● **How to complete this task**
Among the lines below, restate word for word only those from the line with "Raccoon Sweatshirt - Oversized" through the line with "Realistic Costa Rica", with both end lines kept.

(Source records)

"""

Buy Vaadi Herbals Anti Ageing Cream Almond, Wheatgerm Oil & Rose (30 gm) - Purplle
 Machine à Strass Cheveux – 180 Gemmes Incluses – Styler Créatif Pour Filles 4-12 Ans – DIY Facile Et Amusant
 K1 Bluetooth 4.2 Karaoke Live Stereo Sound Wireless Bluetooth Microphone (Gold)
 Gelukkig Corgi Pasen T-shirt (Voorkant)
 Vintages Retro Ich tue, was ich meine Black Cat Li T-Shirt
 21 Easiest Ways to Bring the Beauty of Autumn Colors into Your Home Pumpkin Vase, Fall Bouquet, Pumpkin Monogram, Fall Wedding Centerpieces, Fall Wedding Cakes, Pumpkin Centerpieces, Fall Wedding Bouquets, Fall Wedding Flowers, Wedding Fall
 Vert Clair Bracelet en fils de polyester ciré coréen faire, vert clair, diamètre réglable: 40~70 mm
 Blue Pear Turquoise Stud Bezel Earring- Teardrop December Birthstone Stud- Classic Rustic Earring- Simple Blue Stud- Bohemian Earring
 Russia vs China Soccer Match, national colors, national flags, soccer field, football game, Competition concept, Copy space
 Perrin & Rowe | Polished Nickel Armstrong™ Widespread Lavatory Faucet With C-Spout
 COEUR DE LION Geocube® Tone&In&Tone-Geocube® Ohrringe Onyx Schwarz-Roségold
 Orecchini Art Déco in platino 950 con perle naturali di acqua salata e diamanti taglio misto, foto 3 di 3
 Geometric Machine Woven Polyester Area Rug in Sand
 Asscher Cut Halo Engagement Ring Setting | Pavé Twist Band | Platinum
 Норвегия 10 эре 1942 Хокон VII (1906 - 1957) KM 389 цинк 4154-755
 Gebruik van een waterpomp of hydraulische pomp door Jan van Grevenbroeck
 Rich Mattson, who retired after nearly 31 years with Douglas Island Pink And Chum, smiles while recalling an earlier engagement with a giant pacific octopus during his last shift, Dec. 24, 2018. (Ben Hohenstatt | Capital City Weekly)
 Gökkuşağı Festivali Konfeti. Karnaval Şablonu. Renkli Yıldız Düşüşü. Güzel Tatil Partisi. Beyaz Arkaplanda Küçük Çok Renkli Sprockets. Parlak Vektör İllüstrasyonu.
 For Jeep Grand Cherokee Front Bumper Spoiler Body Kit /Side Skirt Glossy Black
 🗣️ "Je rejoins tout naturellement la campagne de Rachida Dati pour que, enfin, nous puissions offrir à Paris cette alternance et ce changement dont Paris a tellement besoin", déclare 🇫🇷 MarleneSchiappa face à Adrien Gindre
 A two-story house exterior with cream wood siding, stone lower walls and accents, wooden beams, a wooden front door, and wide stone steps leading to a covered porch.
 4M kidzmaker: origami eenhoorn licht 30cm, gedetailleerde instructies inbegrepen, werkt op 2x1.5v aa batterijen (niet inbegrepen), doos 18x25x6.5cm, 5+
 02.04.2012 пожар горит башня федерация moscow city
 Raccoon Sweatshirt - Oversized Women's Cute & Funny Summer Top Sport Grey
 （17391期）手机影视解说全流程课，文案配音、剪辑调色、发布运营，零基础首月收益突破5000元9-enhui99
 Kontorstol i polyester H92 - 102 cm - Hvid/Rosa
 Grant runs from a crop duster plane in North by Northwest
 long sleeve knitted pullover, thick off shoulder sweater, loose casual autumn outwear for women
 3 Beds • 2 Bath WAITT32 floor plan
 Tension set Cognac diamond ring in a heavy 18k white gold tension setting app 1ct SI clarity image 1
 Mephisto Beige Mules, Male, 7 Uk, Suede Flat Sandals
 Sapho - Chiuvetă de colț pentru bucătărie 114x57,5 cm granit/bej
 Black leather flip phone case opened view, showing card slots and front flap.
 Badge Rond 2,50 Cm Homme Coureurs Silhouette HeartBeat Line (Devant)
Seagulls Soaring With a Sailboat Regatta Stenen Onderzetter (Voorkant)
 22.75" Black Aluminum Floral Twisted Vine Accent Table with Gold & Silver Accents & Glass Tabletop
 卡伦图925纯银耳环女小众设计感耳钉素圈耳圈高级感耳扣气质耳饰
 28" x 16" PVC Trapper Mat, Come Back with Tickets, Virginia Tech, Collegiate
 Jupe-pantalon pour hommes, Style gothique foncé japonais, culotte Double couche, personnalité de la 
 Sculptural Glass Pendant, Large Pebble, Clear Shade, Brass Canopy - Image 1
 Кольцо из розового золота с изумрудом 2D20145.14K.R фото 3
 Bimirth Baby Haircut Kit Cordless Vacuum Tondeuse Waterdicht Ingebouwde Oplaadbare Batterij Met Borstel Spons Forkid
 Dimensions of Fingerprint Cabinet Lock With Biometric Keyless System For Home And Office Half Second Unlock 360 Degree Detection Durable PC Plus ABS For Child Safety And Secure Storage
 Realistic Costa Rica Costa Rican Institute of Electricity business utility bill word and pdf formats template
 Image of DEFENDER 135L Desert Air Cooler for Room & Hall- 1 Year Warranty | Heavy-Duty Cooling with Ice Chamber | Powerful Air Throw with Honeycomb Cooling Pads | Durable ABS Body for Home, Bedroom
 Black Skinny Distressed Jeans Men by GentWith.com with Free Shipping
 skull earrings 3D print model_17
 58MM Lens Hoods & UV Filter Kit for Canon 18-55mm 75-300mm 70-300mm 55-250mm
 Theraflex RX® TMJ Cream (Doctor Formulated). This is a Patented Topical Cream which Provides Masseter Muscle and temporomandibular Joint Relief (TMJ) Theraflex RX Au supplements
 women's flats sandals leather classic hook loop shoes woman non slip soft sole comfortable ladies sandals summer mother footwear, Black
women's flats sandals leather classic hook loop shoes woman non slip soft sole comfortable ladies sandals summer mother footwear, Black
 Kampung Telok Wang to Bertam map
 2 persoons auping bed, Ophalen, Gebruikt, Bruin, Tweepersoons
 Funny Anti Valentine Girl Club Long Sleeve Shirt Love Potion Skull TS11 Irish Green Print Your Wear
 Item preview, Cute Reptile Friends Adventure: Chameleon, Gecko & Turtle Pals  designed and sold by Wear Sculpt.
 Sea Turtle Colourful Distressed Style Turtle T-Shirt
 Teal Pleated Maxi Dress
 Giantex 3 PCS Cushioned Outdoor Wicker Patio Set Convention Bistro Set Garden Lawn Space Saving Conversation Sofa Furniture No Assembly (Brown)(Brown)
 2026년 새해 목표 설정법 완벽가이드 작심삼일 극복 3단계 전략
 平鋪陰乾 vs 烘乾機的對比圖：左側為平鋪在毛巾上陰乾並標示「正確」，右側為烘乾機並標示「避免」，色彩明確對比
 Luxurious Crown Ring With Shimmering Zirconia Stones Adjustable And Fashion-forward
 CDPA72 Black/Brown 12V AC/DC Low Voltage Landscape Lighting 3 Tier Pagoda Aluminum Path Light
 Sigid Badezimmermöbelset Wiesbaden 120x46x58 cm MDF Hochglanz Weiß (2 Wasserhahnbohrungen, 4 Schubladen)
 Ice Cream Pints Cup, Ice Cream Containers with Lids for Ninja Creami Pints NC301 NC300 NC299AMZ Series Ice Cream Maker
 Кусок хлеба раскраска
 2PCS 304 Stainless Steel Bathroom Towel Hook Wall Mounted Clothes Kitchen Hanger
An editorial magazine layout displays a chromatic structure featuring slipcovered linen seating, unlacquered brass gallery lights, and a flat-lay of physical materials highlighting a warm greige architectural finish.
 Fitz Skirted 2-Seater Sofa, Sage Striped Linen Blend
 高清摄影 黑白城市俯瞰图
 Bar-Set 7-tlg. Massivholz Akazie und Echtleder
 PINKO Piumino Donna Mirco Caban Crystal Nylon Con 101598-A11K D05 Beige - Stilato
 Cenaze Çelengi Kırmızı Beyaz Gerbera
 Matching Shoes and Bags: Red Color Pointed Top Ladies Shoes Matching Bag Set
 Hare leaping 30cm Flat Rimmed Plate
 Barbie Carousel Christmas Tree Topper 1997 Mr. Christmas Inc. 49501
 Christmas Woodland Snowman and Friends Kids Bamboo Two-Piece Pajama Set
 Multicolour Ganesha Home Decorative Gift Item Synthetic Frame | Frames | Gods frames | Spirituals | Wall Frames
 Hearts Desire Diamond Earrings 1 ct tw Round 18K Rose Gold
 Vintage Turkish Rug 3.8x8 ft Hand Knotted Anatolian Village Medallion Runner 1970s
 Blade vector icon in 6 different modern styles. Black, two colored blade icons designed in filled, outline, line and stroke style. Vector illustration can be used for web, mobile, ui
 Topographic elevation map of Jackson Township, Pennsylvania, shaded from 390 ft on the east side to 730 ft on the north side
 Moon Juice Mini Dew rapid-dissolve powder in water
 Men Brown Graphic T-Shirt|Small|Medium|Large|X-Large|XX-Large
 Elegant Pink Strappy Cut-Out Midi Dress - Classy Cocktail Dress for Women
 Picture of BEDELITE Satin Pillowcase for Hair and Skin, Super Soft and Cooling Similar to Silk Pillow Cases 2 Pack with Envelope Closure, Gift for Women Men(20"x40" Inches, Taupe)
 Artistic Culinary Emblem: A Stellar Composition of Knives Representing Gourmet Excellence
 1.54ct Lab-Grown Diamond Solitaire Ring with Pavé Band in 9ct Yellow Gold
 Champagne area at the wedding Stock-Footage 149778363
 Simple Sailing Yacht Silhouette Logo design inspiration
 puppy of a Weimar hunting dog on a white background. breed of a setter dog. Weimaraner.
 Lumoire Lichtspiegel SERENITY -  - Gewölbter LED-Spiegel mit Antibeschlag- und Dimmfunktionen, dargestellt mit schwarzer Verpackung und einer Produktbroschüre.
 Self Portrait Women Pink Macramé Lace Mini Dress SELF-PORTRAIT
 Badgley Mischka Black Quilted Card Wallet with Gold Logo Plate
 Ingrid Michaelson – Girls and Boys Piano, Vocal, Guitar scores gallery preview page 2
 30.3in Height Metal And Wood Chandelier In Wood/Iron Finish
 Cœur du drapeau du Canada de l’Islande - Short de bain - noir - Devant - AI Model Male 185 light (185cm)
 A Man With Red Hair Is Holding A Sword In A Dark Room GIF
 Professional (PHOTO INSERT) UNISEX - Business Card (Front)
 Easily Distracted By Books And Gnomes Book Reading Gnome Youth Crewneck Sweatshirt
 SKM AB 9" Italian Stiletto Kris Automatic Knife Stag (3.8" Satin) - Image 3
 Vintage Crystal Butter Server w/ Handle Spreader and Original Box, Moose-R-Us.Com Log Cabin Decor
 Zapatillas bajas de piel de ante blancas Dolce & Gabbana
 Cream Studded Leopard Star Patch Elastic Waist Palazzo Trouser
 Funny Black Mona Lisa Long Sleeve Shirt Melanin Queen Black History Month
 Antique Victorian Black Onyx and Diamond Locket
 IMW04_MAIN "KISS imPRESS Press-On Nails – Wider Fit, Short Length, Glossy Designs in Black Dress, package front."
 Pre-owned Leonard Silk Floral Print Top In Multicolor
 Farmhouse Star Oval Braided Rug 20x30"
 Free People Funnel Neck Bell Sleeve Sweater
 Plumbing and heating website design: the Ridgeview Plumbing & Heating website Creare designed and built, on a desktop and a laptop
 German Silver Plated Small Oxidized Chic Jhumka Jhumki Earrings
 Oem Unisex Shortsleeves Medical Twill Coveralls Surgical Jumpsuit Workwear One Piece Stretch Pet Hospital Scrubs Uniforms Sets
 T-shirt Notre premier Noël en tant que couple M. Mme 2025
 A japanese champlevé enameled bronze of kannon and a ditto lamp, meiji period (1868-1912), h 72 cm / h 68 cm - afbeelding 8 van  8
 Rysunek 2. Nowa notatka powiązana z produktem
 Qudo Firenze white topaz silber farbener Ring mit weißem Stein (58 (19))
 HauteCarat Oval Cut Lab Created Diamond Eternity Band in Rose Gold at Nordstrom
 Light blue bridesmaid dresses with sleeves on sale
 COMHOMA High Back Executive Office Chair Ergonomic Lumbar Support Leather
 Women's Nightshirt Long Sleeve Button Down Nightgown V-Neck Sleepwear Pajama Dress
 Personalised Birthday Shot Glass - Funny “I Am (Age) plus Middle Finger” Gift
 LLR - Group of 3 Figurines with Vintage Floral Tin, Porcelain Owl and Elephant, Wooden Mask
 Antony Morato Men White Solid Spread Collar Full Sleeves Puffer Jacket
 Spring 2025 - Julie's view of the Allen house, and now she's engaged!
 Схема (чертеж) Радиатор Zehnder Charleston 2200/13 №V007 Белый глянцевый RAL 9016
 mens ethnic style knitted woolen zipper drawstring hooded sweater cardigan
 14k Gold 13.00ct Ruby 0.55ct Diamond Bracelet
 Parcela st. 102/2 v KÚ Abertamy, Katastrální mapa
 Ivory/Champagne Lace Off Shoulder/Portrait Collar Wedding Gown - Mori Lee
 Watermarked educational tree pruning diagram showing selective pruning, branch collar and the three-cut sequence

"""

● **Written solution**
 Raccoon Sweatshirt - Oversized Women's Cute & Funny Summer Top Sport Grey
 （17391期）手机影视解说全流程课，文案配音、剪辑调色、发布运营，零基础首月收益突破5000元9-enhui99
 Kontorstol i polyester H92 - 102 cm - Hvid/Rosa
 Grant runs from a crop duster plane in North by Northwest
 long sleeve knitted pullover, thick off shoulder sweater, loose casual autumn outwear for women
 3 Beds • 2 Bath WAITT32 floor plan
 Tension set Cognac diamond ring in a heavy 18k white gold tension setting app 1ct SI clarity image 1
 Mephisto Beige Mules, Male, 7 Uk, Suede Flat Sandals
 Sapho - Chiuvetă de colț pentru bucătărie 114x57,5 cm granit/bej
 Black leather flip phone case opened view, showing card slots and front flap.
 Badge Rond 2,50 Cm Homme Coureurs Silhouette HeartBeat Line (Devant)
Seagulls Soaring With a Sailboat Regatta Stenen Onderzetter (Voorkant)
 22.75" Black Aluminum Floral Twisted Vine Accent Table with Gold & Silver Accents & Glass Tabletop
 卡伦图925纯银耳环女小众设计感耳钉素圈耳圈高级感耳扣气质耳饰
 28" x 16" PVC Trapper Mat, Come Back with Tickets, Virginia Tech, Collegiate
 Jupe-pantalon pour hommes, Style gothique foncé japonais, culotte Double couche, personnalité de la 
 Sculptural Glass Pendant, Large Pebble, Clear Shade, Brass Canopy - Image 1
 Кольцо из розового золота с изумрудом 2D20145.14K.R фото 3
 Bimirth Baby Haircut Kit Cordless Vacuum Tondeuse Waterdicht Ingebouwde Oplaadbare Batterij Met Borstel Spons Forkid
 Dimensions of Fingerprint Cabinet Lock With Biometric Keyless System For Home And Office Half Second Unlock 360 Degree Detection Durable PC Plus ABS For Child Safety And Secure Storage
 Realistic Costa Rica Costa Rican Institute of Electricity business utility bill word and pdf formats template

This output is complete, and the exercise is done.